Ohhhh, when I think of this night, even now, a few months later, I get sooooo mad.
So, two Sundays before the big trunk-or-treat, one of our counselors in the bishopric got up and announced that it would be such-and-such night at 7:30 p.m. Take note of that time, my friends. It will come up later. I remember thinking, "Wow, it will already be dark by then. Weird. But whatever. We'll BE there!"
And then I missed the announcements the following Sunday because Gage and Micah were being special and we were in the foyer and the little intercom speaker things don't work in the foyer.
So the night of the big trunk-or-treat came. We got everyone all ready. Dylan was a vampire this year, and he had all this makeup he had to put on and had fake blood to apply and everything. It was a big deal.

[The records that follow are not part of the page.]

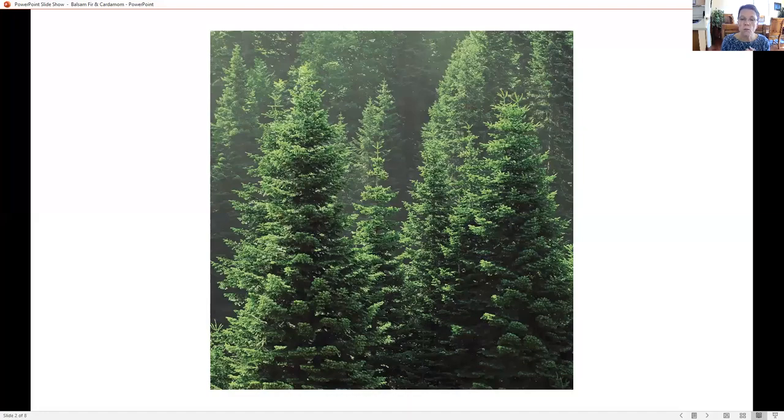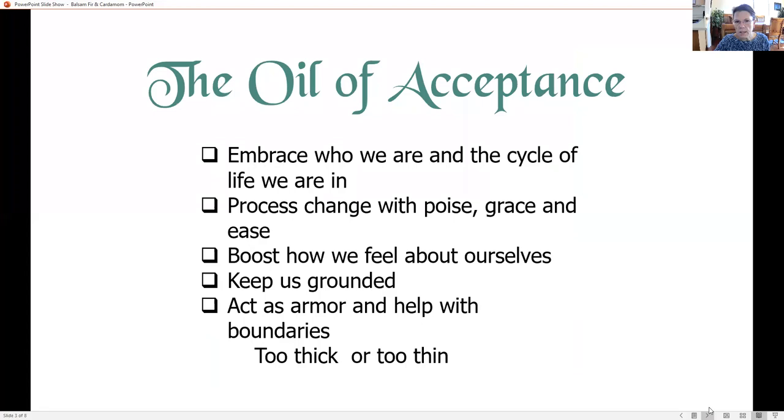The trees grow to over 80 feet in height and live a hundred years. The main parts of the tree are primarily used for pulp and construction. It doesn't grow in urban areas because it doesn't like air pollution, so it grows in lush, remote forests where it can get fresh, clean air.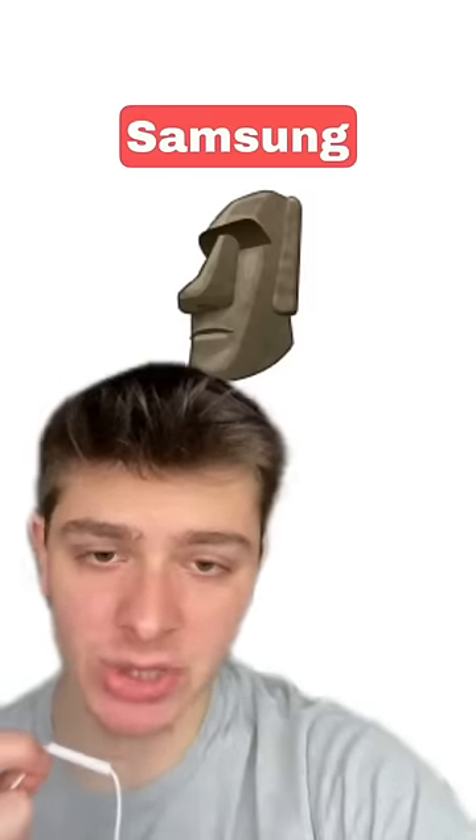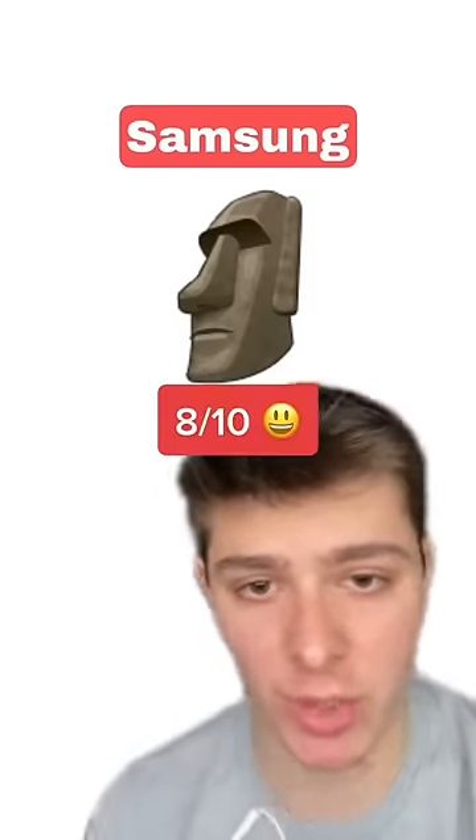And now we got Samsung. This one's kind of basic, but no complaints at all. I'll give this one an 8 out of 10.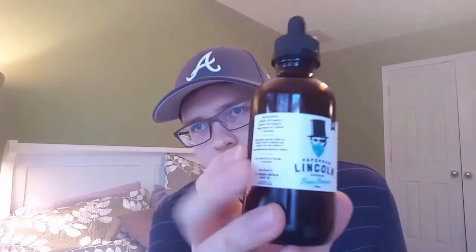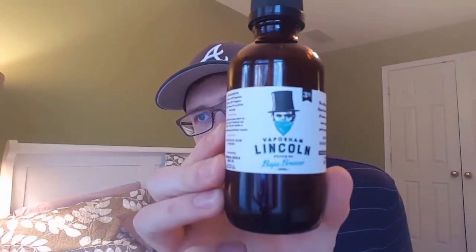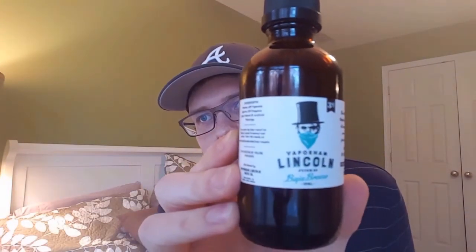What up people, it's Bonnet Vates back in with another one. Today I'm going to be doing a review for a company called Vapor Ham e-liquids. The flavor I got is called Baja Breeze. Here's the bottle right here. I like the labeling on this.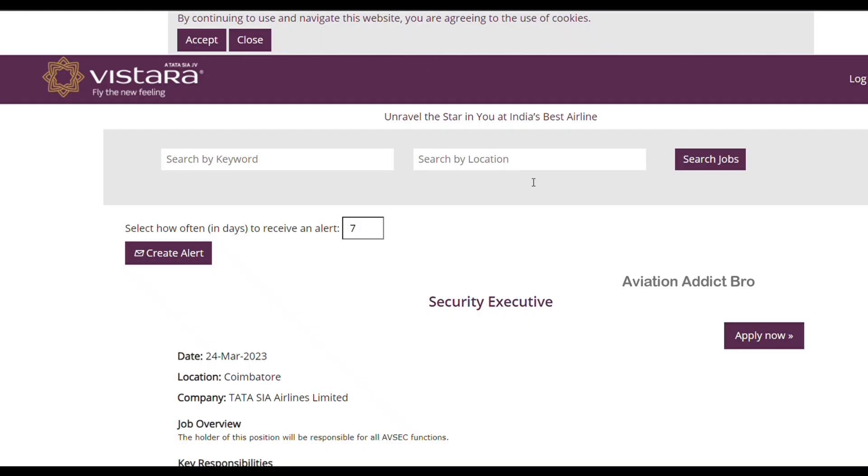So okay guys, I am back to the video. We are going to visit our Vistara Airlines airport.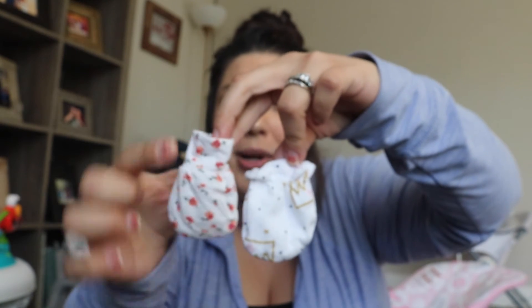My favorite swaddle is by Lulu and Company — I'll show it after. They also make these little mittens, which are literally the size of my finger. Standard mittens are just too loose and slip right off, but the Lulu mittens have a cupped top that stays on so well. Their swaddles and mittens are both lifesavers. I will say that for the rest of my life.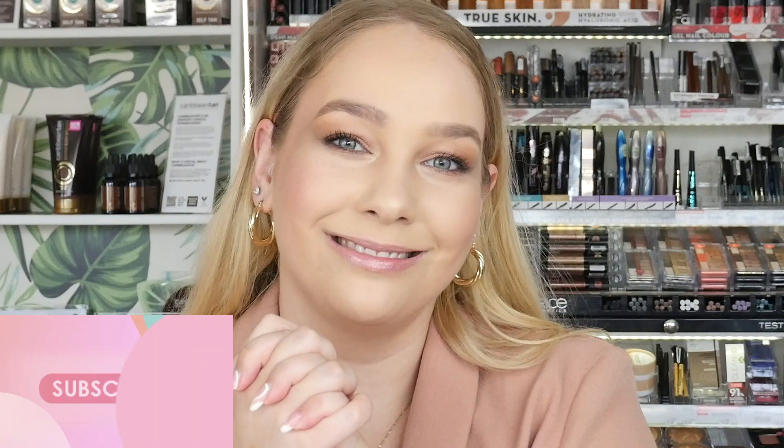Hi guys, welcome back to the Cosmetics YouTube channel. I'm Olivia and today I'm going to be talking you through all of the Catrice serums. If you want to learn more about them and how you can incorporate them into your skincare routine, keep on watching. Also don't forget to subscribe to our YouTube channel for more tips, tricks and tutorials.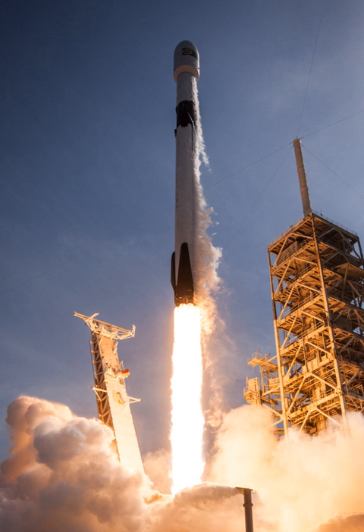SpaceX first put a Falcon 9 on public display at their headquarters in Hawthorne, California in 2016. In 2019, SpaceX donated a Falcon 9 to Space Center Houston in Houston, Texas — a booster that flew two missions, the 11th and 13th supply missions to the International Space Station, and was the first Falcon 9 rocket NASA agreed to fly a second time. It will be displayed horizontally beginning summer 2019.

And then I see Brother M., who dresses as Uncle Sam every year, walking home on his huge stilts. And I think, "Why is he leaving? It's just getting started!"
And then it hit me. The counselor had announced the wrong time. They had announced the right time the following week. I wasn't there to listen to the announcements, and Ben hadn't heard it, probably because he was helping Dylan or Sadie with some urgent matter, like retrieving fruit snacks from the church bag or something like that.
I felt sick to my stomach. I was so ANGRY. Angry at myself. Angry at the counselor (which was bad of me, I know). Just SO MAD. I had gone to so much work making those taquitos! And the kids had been so excited!!! And all that makeup Dylan put on! For nothing!
I was so angry that I went straight down to my room and lay in bed, in the dark, in the fetal position for an hour. And I cried. I know. Dumb. But I was just so upset.